La llegada al Teatro Real del  Royal Ballet, con su recién estrenada producción del "Lago de los Cisnes" coreografiado por Liam Scartlet, ha sido algo memorable. Hacía años que los balletómanos madrileños no disfrutaban tanto con un espectáculo de danza, es un hito a la altura de aquella representación del ballet "Espartaco" por el Bolshoi con el joven bailarín Ivan Vasiliev en el papel estelar... 

El mérito del Royal Ballet es lograr una clara identidad dentro del marasmo de tendencias que convergen en él a lo largo y ancho del amplio mundo de la danza, y su base es el gran acierto en saber combinar tradición e innovación. Esta no es una tarea exenta de dificultad, y evidentemente su "Lago de los Cisnes" es un claro ejemplo, pues se ha dotado de agilidad el clásico de Petipa y las modificaciones operadas no distorsionan ni invaden la esencia perfecta de una obra eterna e incuestionable.

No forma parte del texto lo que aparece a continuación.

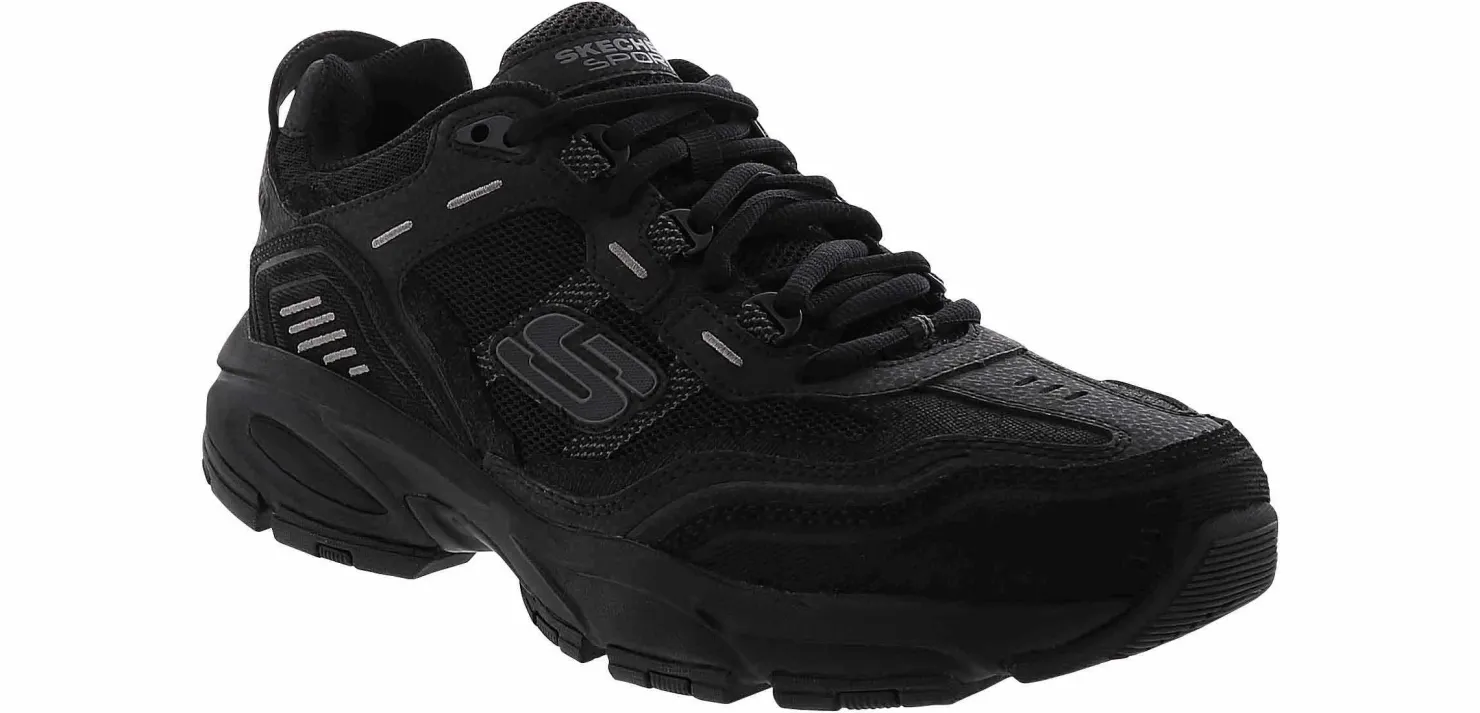 Walking Shoes|Comfort|SKECHERS Vigor 2.0 Nanobet Men’s Wide-Width Walking Shoe Black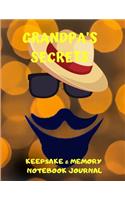 Grandpa's Secrets Keepsake & Memory Book
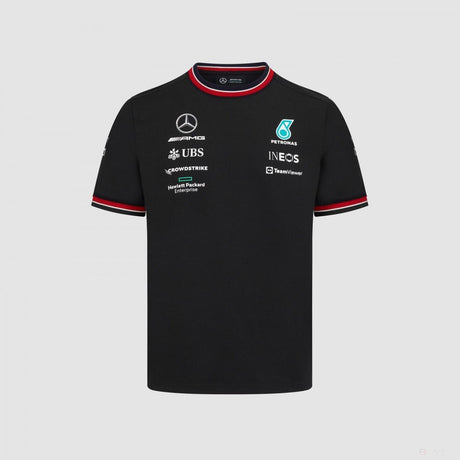 Mercedes Gyerek Csapat Póló, Fekete, 2022 - FansBRANDS®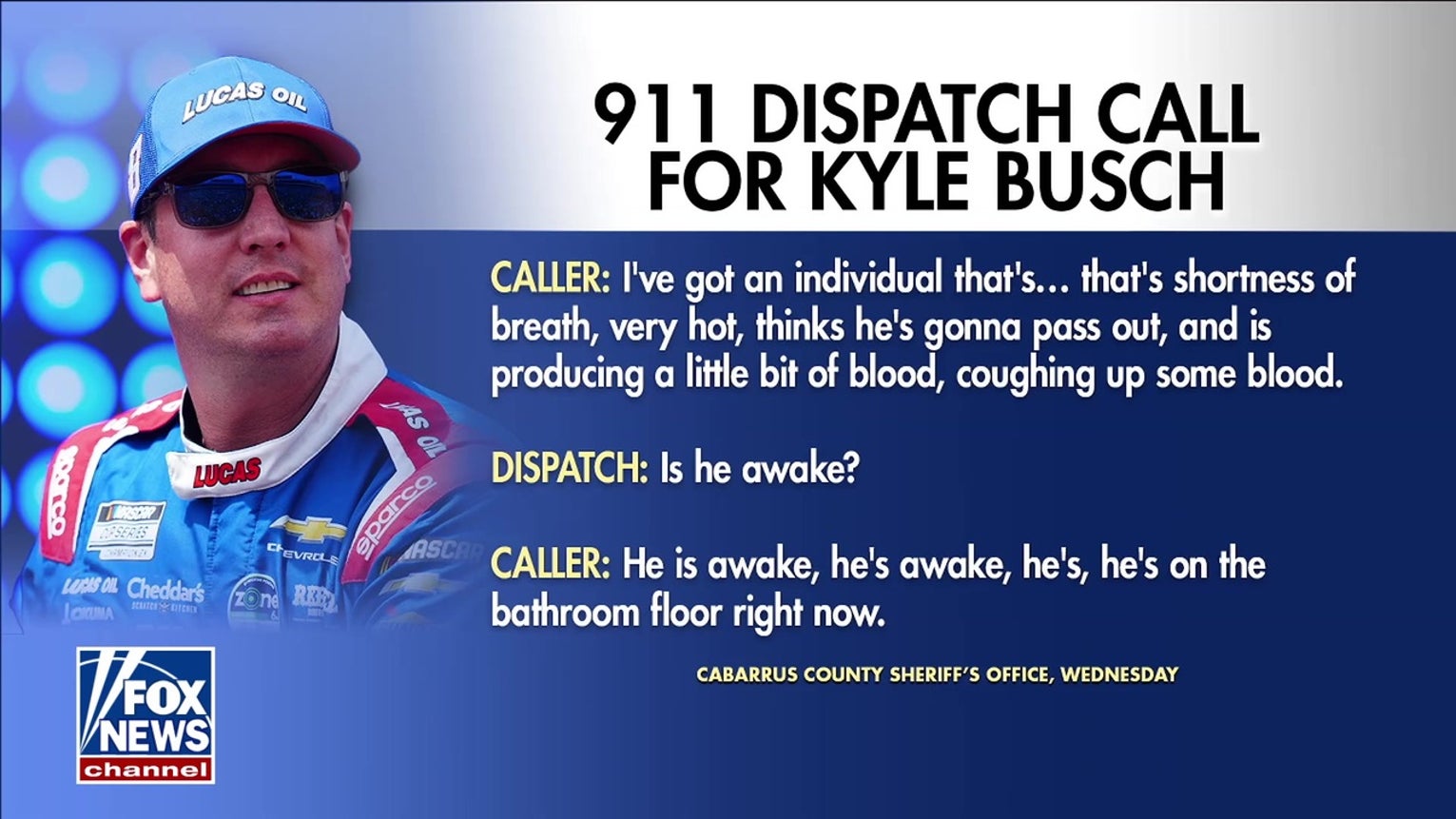 911 call reveals Kyle Busch was coughing up blood before death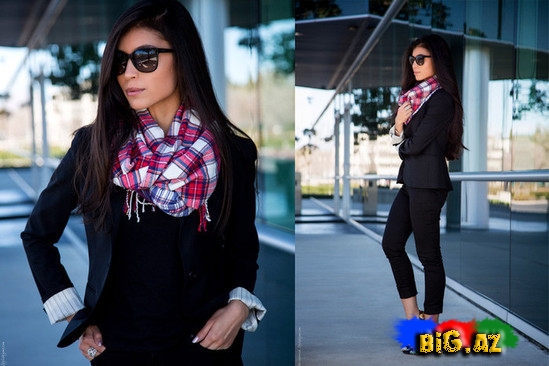 Qışın dəbli şərf kombinləri - FOTO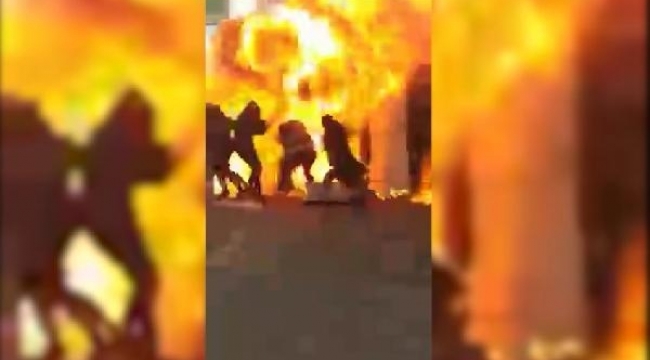 Yangından kurtarılan çocuk, 3 gün dayanabildi!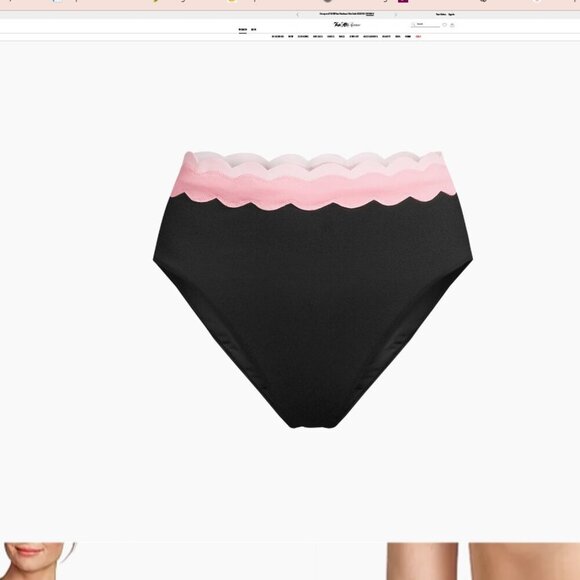 Beach Riot Harriet Scalloped Bikini Set | Sweet Berry Wave | M | NWOT ships fast - Picture 5 of 7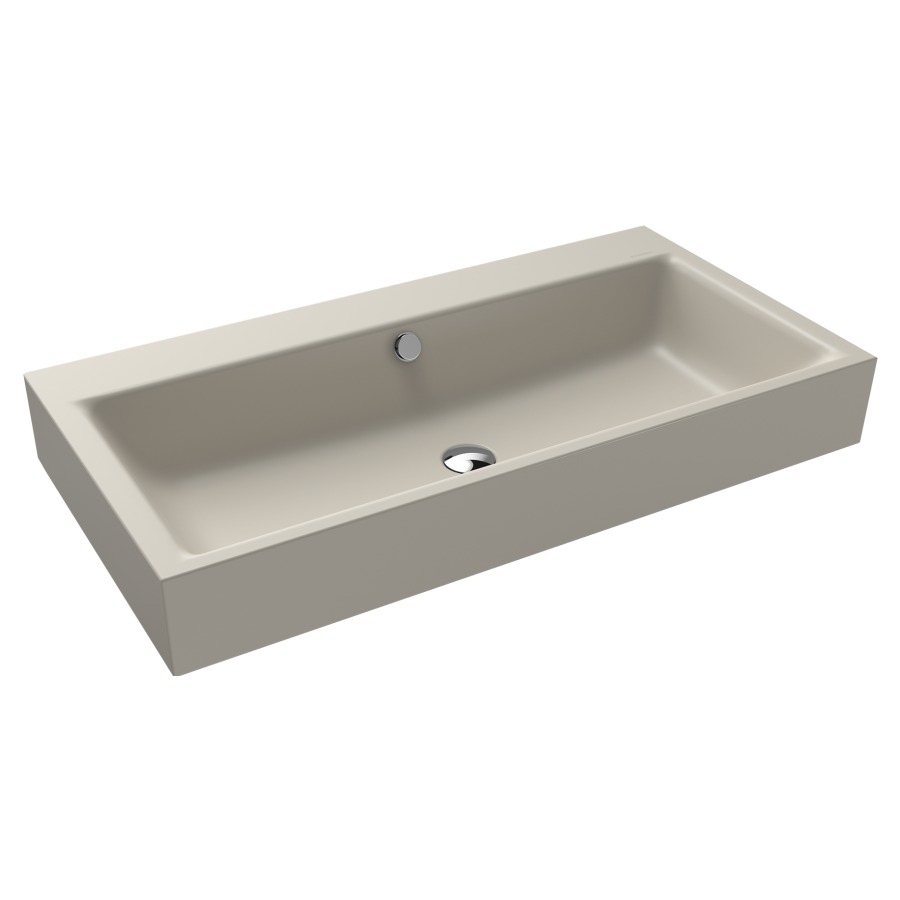 Lavabo à poser PURO
90 x 46 x 12 cm, acier
avec garniture de trop-plein
blanc et isolation phonique
émaillé des deux côtés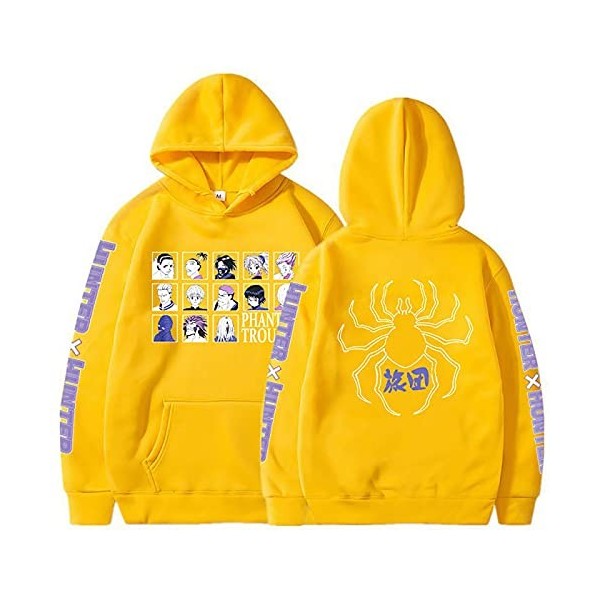flowereyes Hunter X Hunter Sweat à Capuche Hisoka Uvogin Sweat à Capuche Unisexe Chrollo Lucilfer Harajuku Sweat à Capuche dé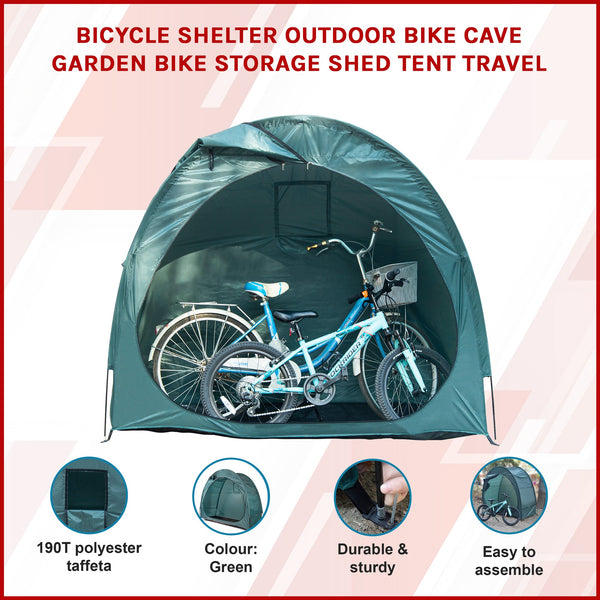 Bicycle Shelter Outdoor Bike Cave Garden Storage Shed Tent Travel Bicycle Stands & Storage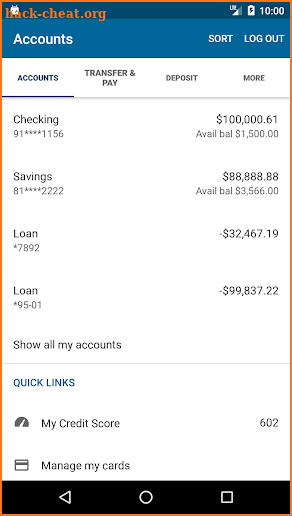 3Rivers Mobile Banking screenshot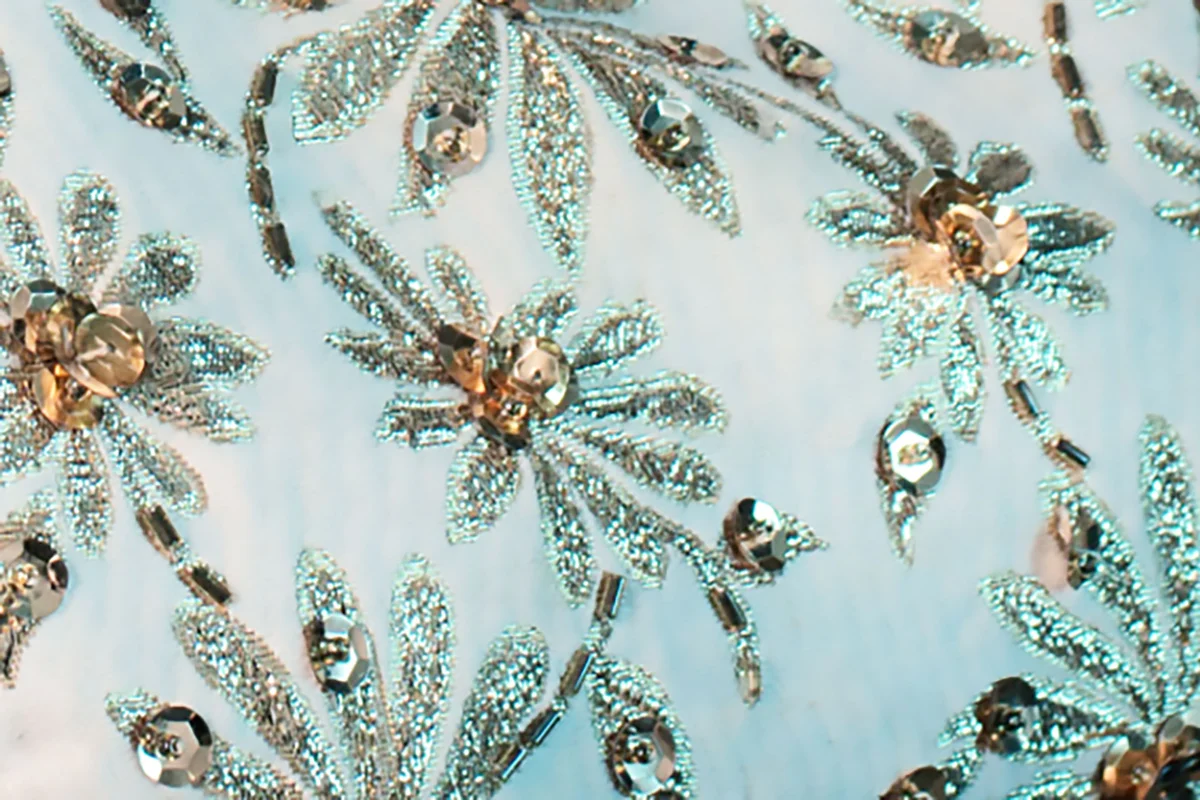 1950s vintage fabric print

Sin embargo, sí es diferente, porque la trama ha variado, enriqueciendo el papel teatral de sus protagonistas, pero la identidad del ballet se conserva al respetarse su esencia:  los pasos de danza que lo identifican, que forman parte del canon de la interpretación balletística de todos los tiempos,  y por supuesto, la música de Tchaikovsky, de inalterable belleza, interpretada por la orquesta del Teatro Real, bajo la batuta de Koen Kessels, director musical del Royal Ballet. La incorporación de nuevas secuencias coreográficas no distorsiona sino que suma.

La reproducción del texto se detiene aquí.